_Try it_. What you give back should be exactly the lines from the one with "Movie poster for Mission: Impossible" through the final line of the material, pictures removed; please add nothing.

_Stored data_.
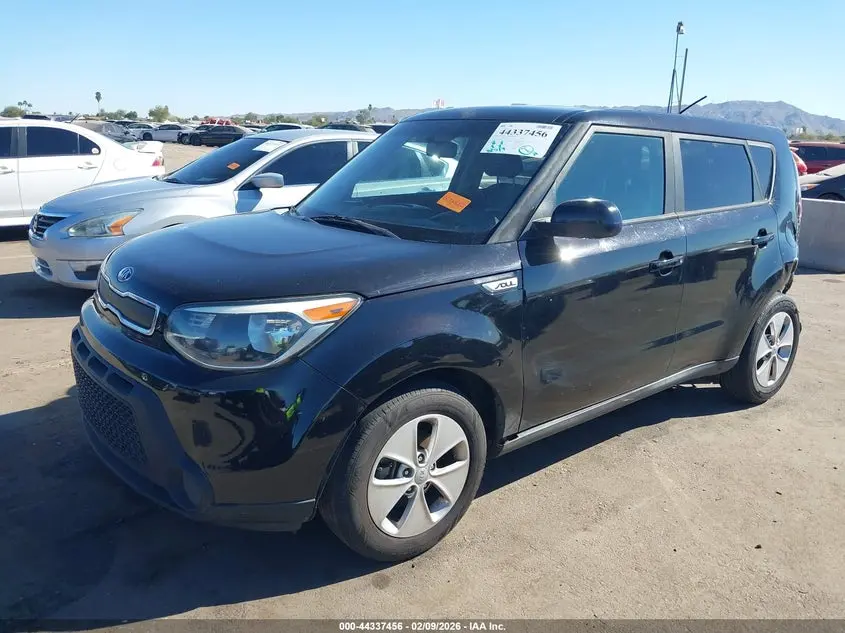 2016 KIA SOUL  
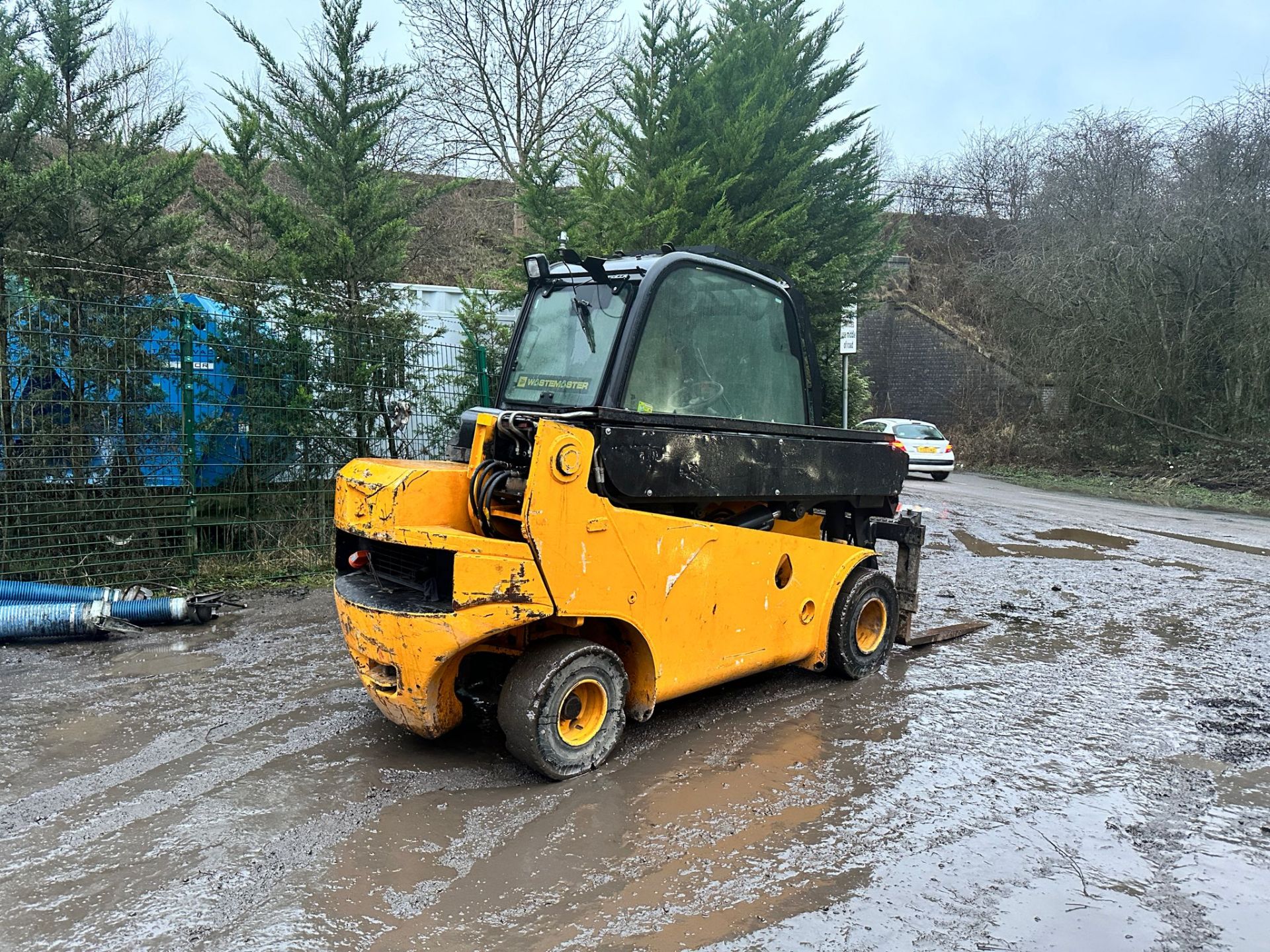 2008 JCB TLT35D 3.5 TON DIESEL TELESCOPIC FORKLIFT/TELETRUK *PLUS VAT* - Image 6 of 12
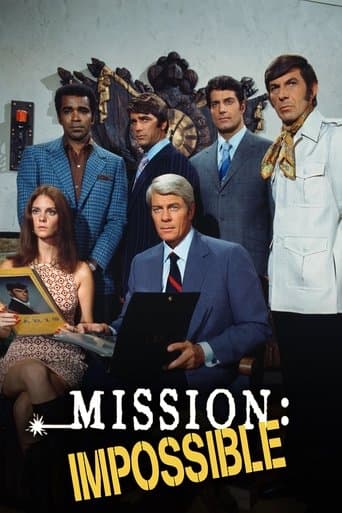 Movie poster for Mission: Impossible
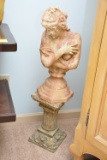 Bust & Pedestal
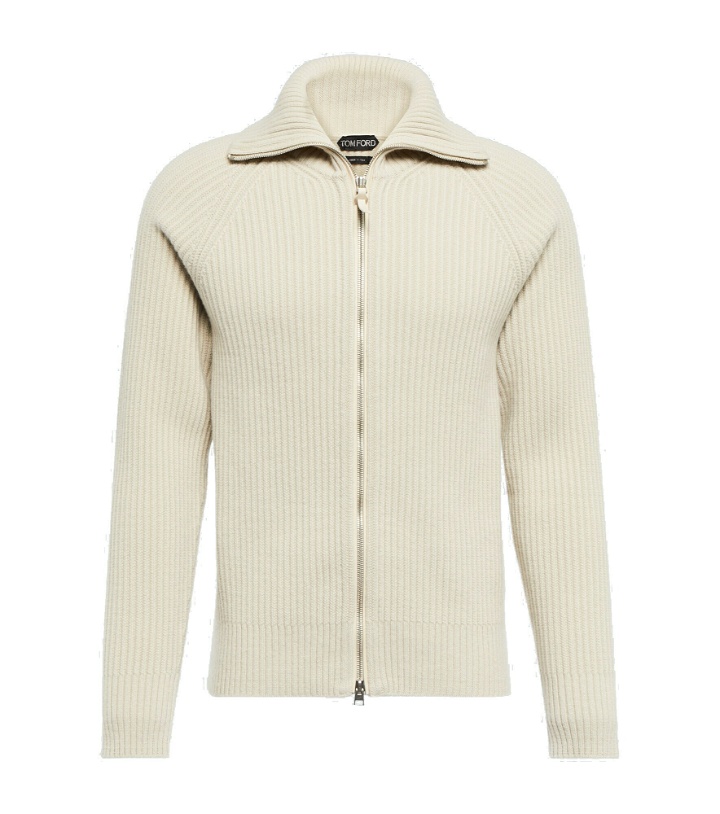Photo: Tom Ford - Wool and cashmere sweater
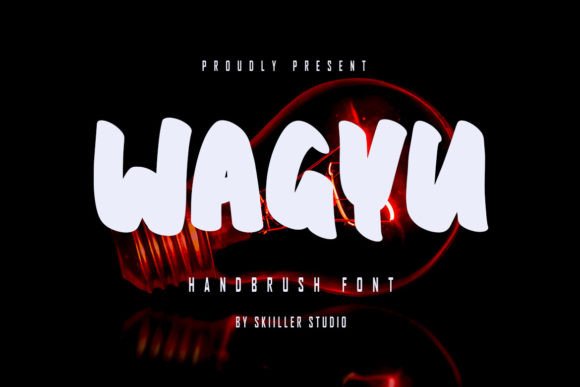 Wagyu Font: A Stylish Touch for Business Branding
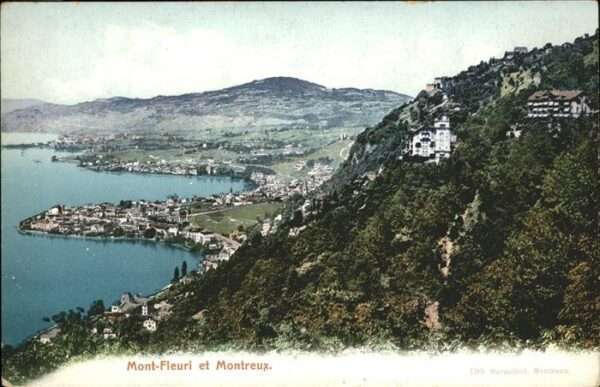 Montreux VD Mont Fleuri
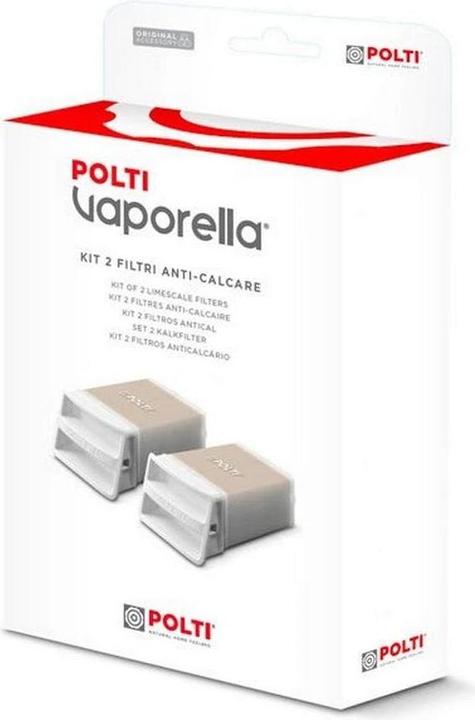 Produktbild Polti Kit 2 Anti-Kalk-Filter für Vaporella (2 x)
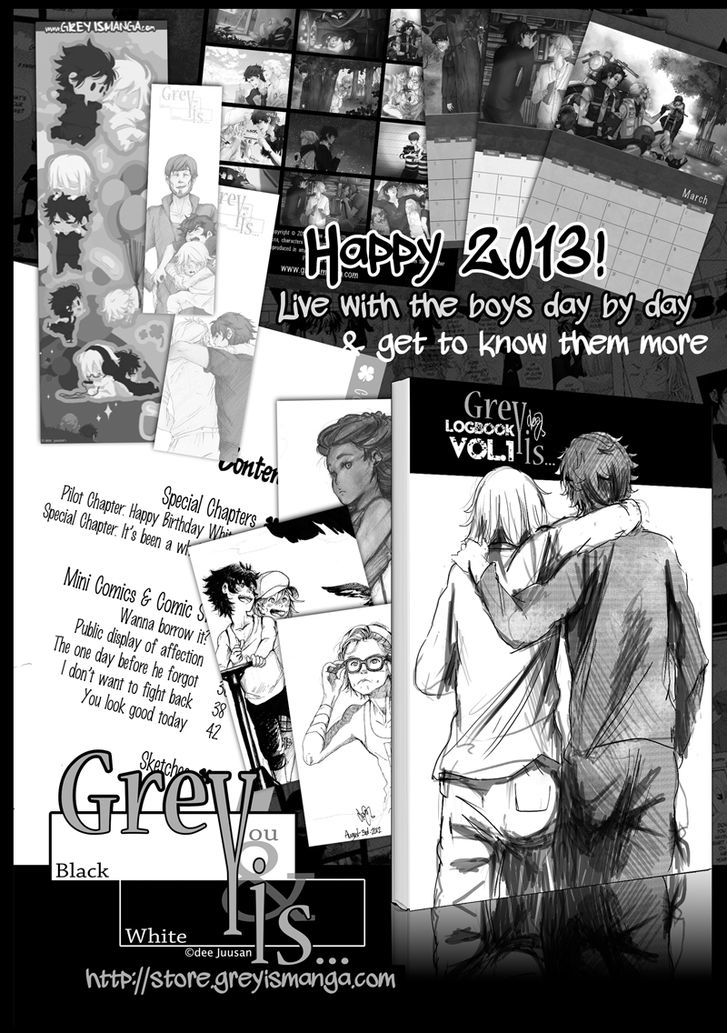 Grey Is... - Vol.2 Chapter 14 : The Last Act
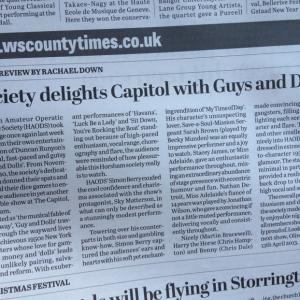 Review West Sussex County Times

_Answer box_.
 Movie poster for Mission: Impossible
 Bust & Pedestal
Photo: Tom Ford - Wool and cashmere sweater
 Wagyu Font: A Stylish Touch for Business Branding
 Montreux VD Mont Fleuri
 Produktbild Polti Kit 2 Anti-Kalk-Filter für Vaporella (2 x)
 Grey Is... - Vol.2 Chapter 14 : The Last Act
 Review West Sussex County Times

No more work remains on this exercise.